What you are asked to do: Print out the data that follows exactly, character for character, apart from the pictures.

Recorded information:

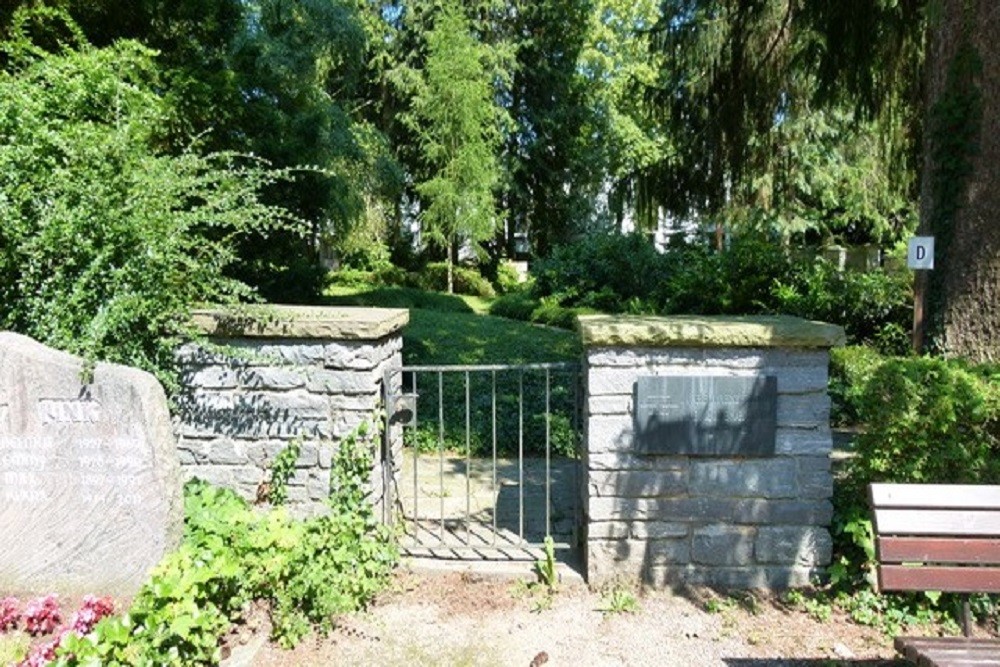 Duitse Oorlogsgraven Begraafplaats Aeschach #1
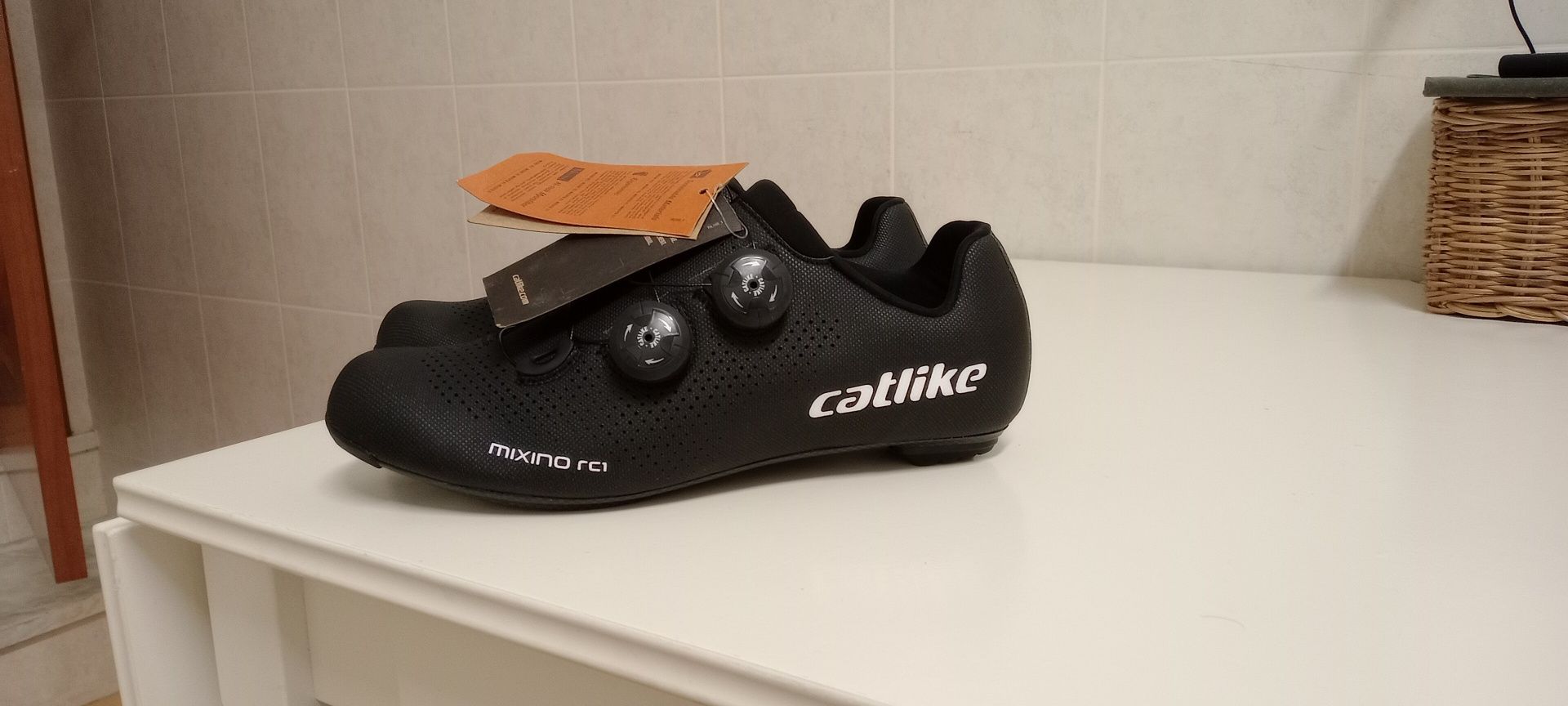 Sapatos ciclismo 43 (NOVOS)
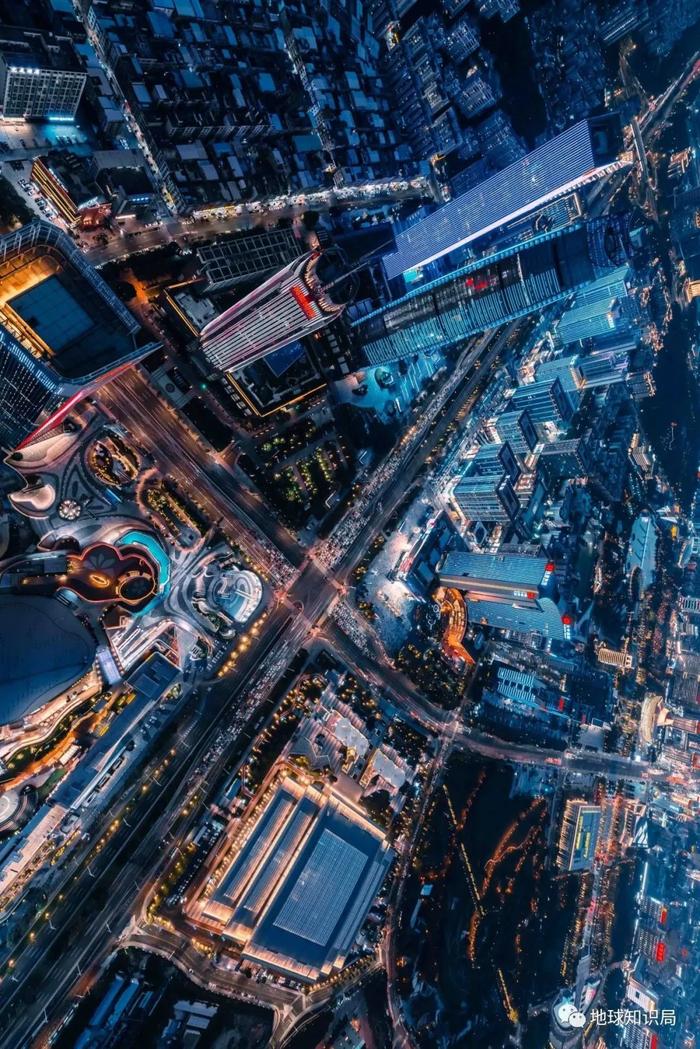 闪闪金光是AABC吗_闪闪金光类似的词_金光闪闪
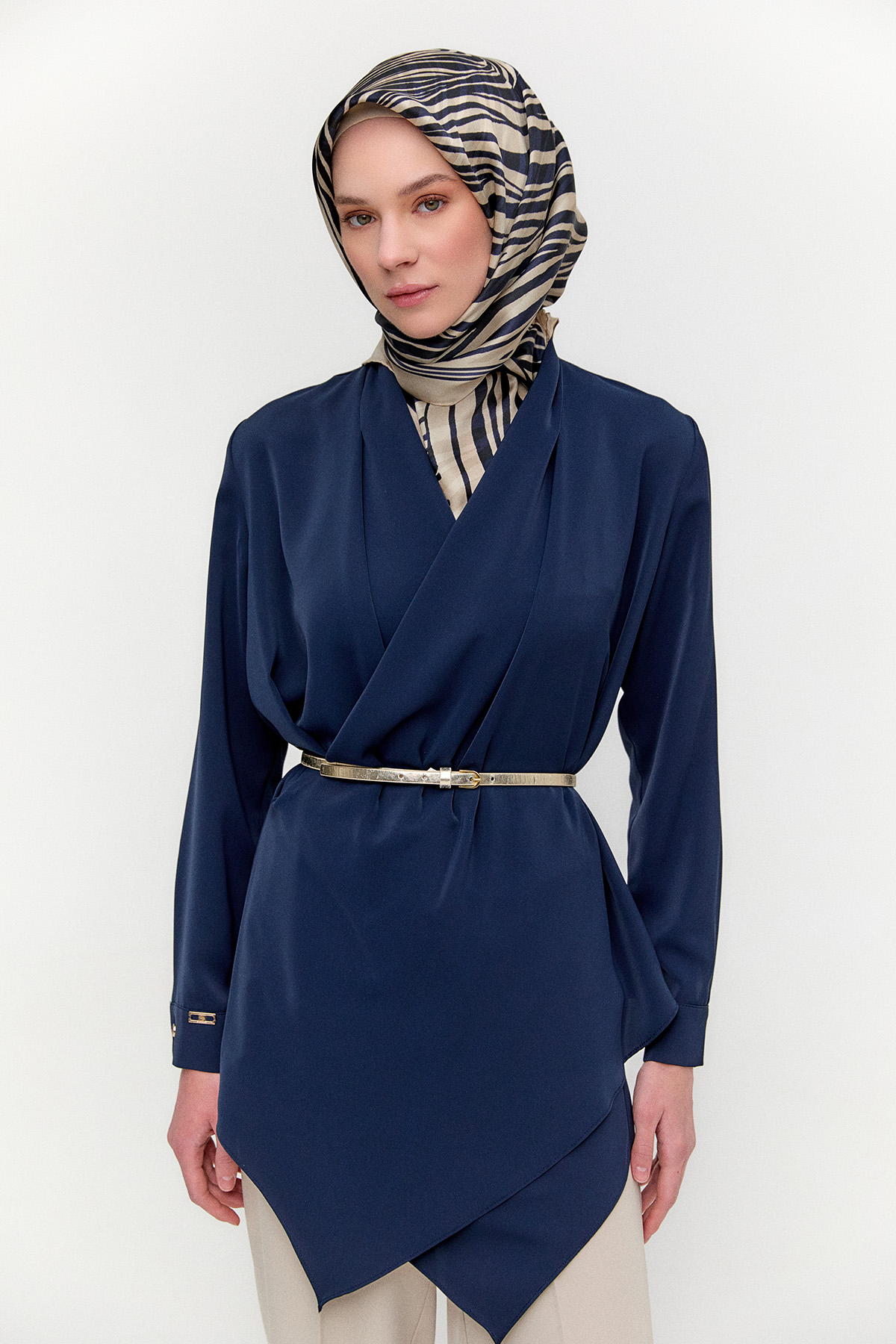 Şal Yaka Anvelop Kesim Tunik, Tesettür Giyim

Solution for this problem:
 Duitse Oorlogsgraven Begraafplaats Aeschach #1
 Sapatos ciclismo 43 (NOVOS)
 闪闪金光是AABC吗_闪闪金光类似的词_金光闪闪
 Şal Yaka Anvelop Kesim Tunik, Tesettür Giyim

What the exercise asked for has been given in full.